**Your task**
Print, exactly as written, every line from the first line of the records below through the line containing "Galaxy Z Flip", and nothing further.

**Material for this exercise**

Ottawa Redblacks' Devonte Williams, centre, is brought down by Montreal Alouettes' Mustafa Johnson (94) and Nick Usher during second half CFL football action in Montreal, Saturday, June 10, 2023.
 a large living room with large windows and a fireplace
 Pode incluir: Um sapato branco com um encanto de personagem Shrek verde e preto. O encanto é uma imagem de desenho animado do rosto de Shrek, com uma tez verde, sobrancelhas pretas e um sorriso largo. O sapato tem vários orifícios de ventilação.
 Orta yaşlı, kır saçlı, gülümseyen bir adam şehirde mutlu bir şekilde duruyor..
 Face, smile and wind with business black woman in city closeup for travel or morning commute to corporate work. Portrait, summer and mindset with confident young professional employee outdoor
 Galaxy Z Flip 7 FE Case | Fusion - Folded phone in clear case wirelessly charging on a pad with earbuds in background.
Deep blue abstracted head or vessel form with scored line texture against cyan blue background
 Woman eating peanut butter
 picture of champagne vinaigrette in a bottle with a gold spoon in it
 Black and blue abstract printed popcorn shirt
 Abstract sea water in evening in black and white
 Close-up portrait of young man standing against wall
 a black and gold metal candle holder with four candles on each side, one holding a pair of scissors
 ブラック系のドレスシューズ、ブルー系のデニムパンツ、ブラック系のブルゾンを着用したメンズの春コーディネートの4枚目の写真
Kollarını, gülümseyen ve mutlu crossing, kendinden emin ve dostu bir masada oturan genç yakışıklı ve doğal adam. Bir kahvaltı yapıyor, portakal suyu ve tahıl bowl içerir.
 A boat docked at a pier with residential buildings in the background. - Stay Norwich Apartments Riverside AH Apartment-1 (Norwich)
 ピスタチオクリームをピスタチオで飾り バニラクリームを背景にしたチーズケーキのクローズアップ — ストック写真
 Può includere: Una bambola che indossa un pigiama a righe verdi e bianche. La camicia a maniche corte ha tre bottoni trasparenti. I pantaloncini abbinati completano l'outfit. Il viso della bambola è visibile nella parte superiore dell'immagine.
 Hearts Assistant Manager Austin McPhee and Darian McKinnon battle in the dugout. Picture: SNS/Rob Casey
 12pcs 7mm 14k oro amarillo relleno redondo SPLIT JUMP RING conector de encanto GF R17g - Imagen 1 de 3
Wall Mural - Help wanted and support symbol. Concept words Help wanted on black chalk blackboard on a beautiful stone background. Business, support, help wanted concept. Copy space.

**Your solution**
Ottawa Redblacks' Devonte Williams, centre, is brought down by Montreal Alouettes' Mustafa Johnson (94) and Nick Usher during second half CFL football action in Montreal, Saturday, June 10, 2023.
 a large living room with large windows and a fireplace
 Pode incluir: Um sapato branco com um encanto de personagem Shrek verde e preto. O encanto é uma imagem de desenho animado do rosto de Shrek, com uma tez verde, sobrancelhas pretas e um sorriso largo. O sapato tem vários orifícios de ventilação.
 Orta yaşlı, kır saçlı, gülümseyen bir adam şehirde mutlu bir şekilde duruyor..
 Face, smile and wind with business black woman in city closeup for travel or morning commute to corporate work. Portrait, summer and mindset with confident young professional employee outdoor
 Galaxy Z Flip 7 FE Case | Fusion - Folded phone in clear case wirelessly charging on a pad with earbuds in background.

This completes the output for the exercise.